--- START ---

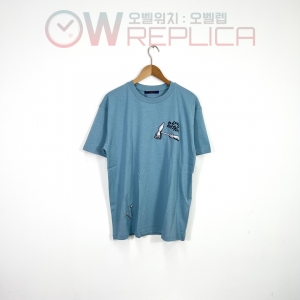 GOD공장 루이비통 망치자수 라운드 티셔츠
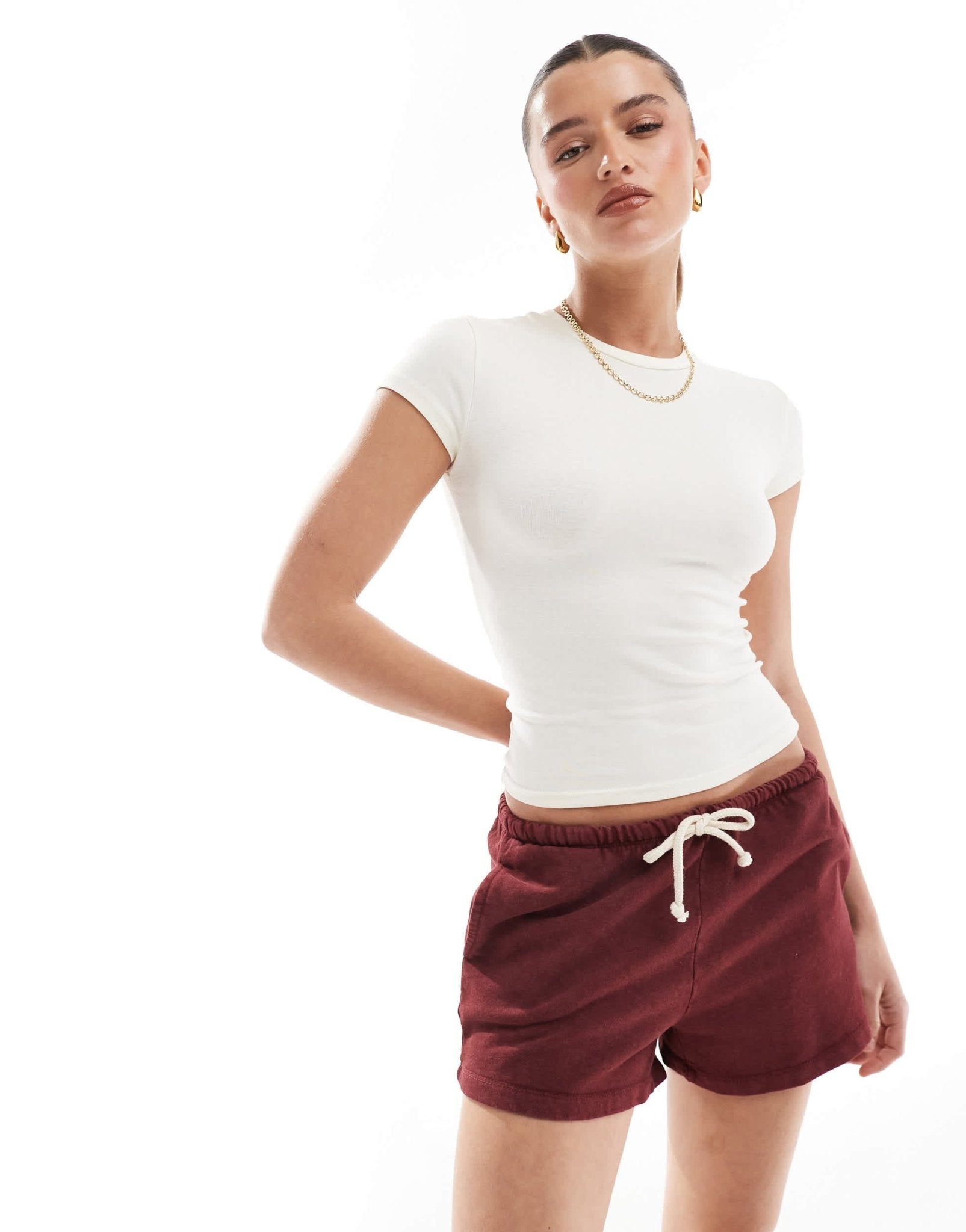 Pull&Bear jersey runner short in red - ASOS Sample Sale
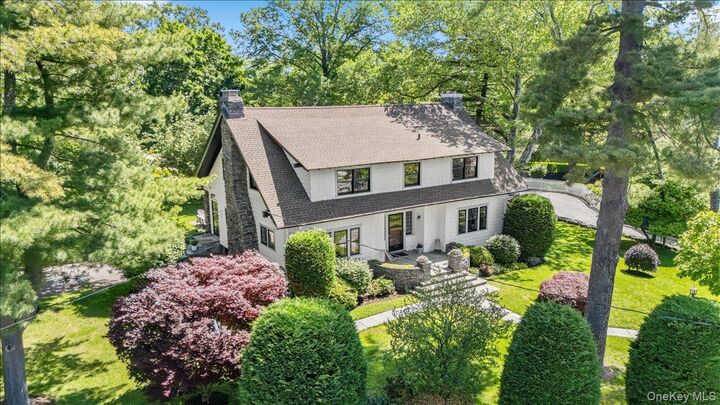 Property Photo:  294 Weaver Street  NY 10538 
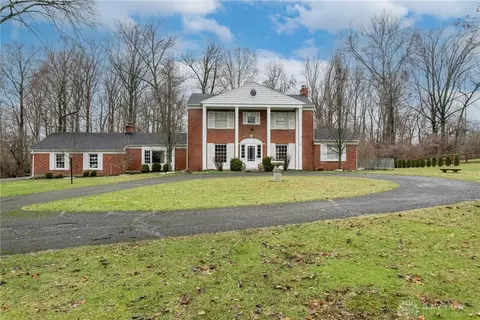 4955 Mad River Rd, Kettering, OH 45429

--- END ---

• **Your goal**
Copy out every line above, word for word, minus images.

• **Answer to the problem**
 GOD공장 루이비통 망치자수 라운드 티셔츠
 Pull&Bear jersey runner short in red - ASOS Sample Sale
 Property Photo:  294 Weaver Street  NY 10538 
 4955 Mad River Rd, Kettering, OH 45429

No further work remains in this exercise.